Fotos, die sie privat an öffentlichen Orten zeigen, dürfen nicht mehr ohne ihre Einwilligung publik gemacht werden. Die sieben Richter watschten damit das deutsche Bundesverfassungsgericht ab. Es hatte 1999 entschieden, dass die Prinzessin als "absolute Person der Zeitgeschichte" die Veröffentlichung von Fotos hinnehmen muss, wenn diese sie in einem öffentlichen Raum zeigen. Im konkreten Fall waren das Schnappschüsse in den deutschen Illustrierten "Bunte" und "Neue Post", die sie beim Reiten, Skifahren und Baden zeigten.
Fehlt die Balance?
So geht's nicht, meinten die Hüter der Menschenrechte in Straßburg. Die Balance zwischen dem Recht auf Meinungsfreiheit und dem Schutz des Privatlebens sei in Deutschland nicht gegeben. Die Öffentlichkeit könne "kein legitimes Interesse daran geltend machen zu erfahren, wo Caroline von Hannover sich aufhält und wie sie sich allgemein in ihrem Privatleben verhält."

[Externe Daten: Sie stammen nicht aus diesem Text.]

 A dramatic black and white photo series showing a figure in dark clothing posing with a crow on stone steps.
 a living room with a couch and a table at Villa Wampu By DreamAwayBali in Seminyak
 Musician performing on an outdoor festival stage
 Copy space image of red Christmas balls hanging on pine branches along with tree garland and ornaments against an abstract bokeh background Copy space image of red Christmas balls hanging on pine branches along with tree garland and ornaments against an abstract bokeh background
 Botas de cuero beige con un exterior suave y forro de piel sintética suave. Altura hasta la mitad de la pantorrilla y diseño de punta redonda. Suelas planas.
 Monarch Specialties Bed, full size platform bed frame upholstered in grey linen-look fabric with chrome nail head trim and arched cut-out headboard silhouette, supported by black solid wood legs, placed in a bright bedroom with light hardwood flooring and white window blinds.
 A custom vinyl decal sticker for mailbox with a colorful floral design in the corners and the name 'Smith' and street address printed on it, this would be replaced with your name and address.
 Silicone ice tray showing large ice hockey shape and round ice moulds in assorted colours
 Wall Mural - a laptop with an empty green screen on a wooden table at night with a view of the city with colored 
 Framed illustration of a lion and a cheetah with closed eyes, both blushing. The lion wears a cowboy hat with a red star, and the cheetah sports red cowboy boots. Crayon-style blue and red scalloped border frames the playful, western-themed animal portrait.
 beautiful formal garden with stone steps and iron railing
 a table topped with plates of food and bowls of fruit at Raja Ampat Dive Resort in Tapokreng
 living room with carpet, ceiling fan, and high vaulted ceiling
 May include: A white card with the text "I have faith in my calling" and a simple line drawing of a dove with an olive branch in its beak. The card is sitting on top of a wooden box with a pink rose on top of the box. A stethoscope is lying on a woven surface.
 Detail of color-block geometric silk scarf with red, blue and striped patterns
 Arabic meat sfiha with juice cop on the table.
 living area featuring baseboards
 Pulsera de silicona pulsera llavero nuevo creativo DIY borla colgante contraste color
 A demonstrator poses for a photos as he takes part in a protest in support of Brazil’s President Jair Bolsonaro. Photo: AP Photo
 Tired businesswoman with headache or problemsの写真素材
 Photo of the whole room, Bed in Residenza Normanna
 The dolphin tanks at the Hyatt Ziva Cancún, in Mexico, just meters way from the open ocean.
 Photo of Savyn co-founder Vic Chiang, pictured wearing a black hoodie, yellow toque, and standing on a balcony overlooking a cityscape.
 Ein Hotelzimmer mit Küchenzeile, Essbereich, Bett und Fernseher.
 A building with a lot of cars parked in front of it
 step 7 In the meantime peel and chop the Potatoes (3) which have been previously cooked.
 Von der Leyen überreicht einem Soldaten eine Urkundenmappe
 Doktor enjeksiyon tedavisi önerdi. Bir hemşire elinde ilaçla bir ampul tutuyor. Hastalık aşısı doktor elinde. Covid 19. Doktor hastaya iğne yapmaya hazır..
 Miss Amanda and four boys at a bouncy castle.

Europas Jet Set klatsch begeistert in die Hände. "Ein wunderbares Urteil", befand Carolines Verteidiger, der Hamburger Medienanwalt Matthias Prinz. Aber so mancher wundert sich dann doch, dass das 1959 gegründete Organ, welches sonst über gewichtige Themen wie das Todesurteil gegen den PKK-Führer Öcalan brütet, einer Prinzessin Recht gibt, deren Fürstenhaus sich jahrelang zu gern im öffentlichen Rampenlicht sonnte. Und deren Gatte nicht nur die Boulevardblätter mit Themen versorgt, wenn er mal wieder Journalisten verprügelt oder seine Notdurft bierselig an einem Pavillon der Weltausstellung Expo verrichtet.
Das Gericht vor Gericht
Die Entrüstung der Presse war vorprogrammiert. Die deutschen Blätter schießen sich auf den Europäischen Gerichtshof für Menschenrechte ein. Von Zensur und einer fatalen Auswirkung auf jegliche Art von Bildberichterstattung in Europa ist die Rede. Die Medien würden zum "Hofberichterstatter" degradiert, klagt Wolfgang Fürstner, Geschäftsführer des Verbands Deutscher Zeitschriftenverleger. Das Gericht schreibe der Öffentlichkeit vor, was diese zu interessieren habe. Die Süddeutsche Zeitung spricht von einer "konservativ-elitären Betrachtung" Straßburgs, für die "nur ernsthafte Beiträge zur öffentlichen Debatte von Gewicht seien". Die Bundesregierung prüft laut Justizministerium, ob es eine Klage gegen das Urteil einreicht.
Legitimes Interesse an Personen?
Aber geht es nicht bloß darum, die Prominenten vor skandalsüchtigen Paparrazzi zu schützen, die nach Bildern geifernd hinter jedem Busch lauern? Ist die Pressefreiheit in Gefahr, wenn keine Fotos mehr von badenden Celebrities erscheinen dürfen? Ja, ist sie, sagen die deutschen Medienvertreter. Denn wenn die Stars sich demnächst selber aussuchen dürften, wie und wann sie abgelichtet werden, könne von objektiver Berichterstattung in der Tat nicht mehr die Rede sein. Das Interesse an Personen der Zeitgeschichte sei legitim, besonders dann, wenn die sich daneben benehmen. Das sehen die Straßburger Richter offenbar nicht so.